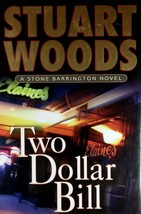 Two Dollar Bill (Stone Barrington) by Stuart Woods / 2005 Hardcover 1st Edition - £4.53 GBP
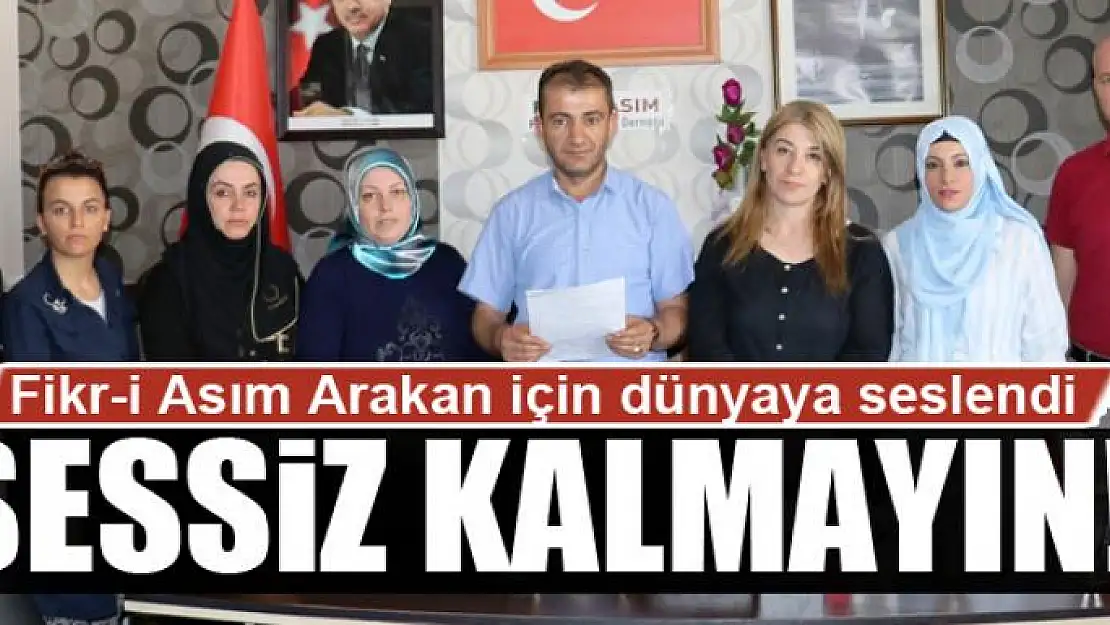 Fikr-i Asım Arakan katliamına dünyanın sessiz kalmaması gerektiğini mesajı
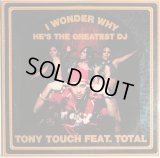 Tony Touch Feat Total - I Wonder Why? He's The Greatest DJ  12"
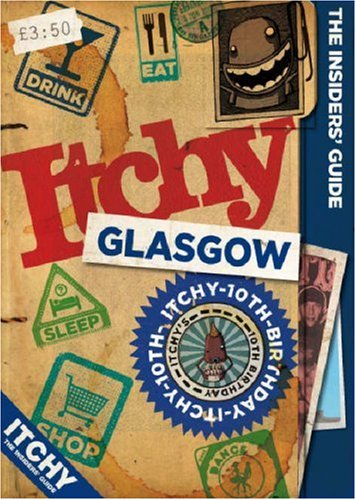Itchy Glasgow: A City and Entertainment Guide to Glasgow (Insiders Guide) 10th Birthday Edition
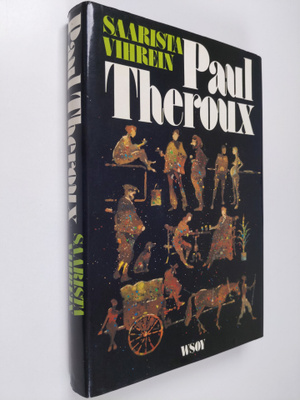 Paul Theroux : Saarista vihrein ja muita kertomuksia
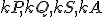 \small kP,kQ,kS,kA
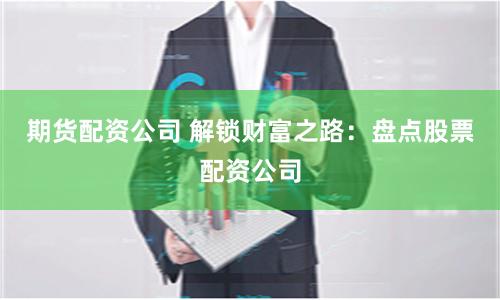 期货配资公司 解锁财富之路：盘点股票配资公司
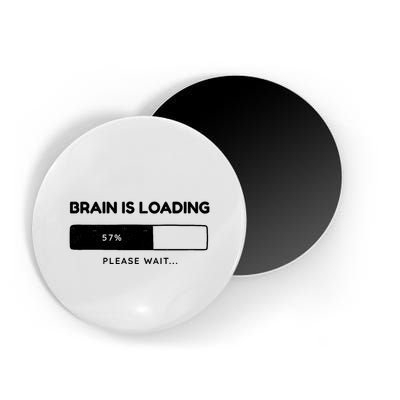 Brain Is Loading Please Wait Funny Magnet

+ + + + +

Task objective » Please write out exactly the lines from the one holding "Fikr-i Asım Arakan" through the last line of the material above, both included, as a copy without pictures.

Task answer »
 Fikr-i Asım Arakan katliamına dünyanın sessiz kalmaması gerektiğini mesajı
 Tony Touch Feat Total - I Wonder Why? He's The Greatest DJ  12"
Itchy Glasgow: A City and Entertainment Guide to Glasgow (Insiders Guide) 10th Birthday Edition
 Paul Theroux : Saarista vihrein ja muita kertomuksia
 \small kP,kQ,kS,kA
 期货配资公司 解锁财富之路：盘点股票配资公司
 Brain Is Loading Please Wait Funny Magnet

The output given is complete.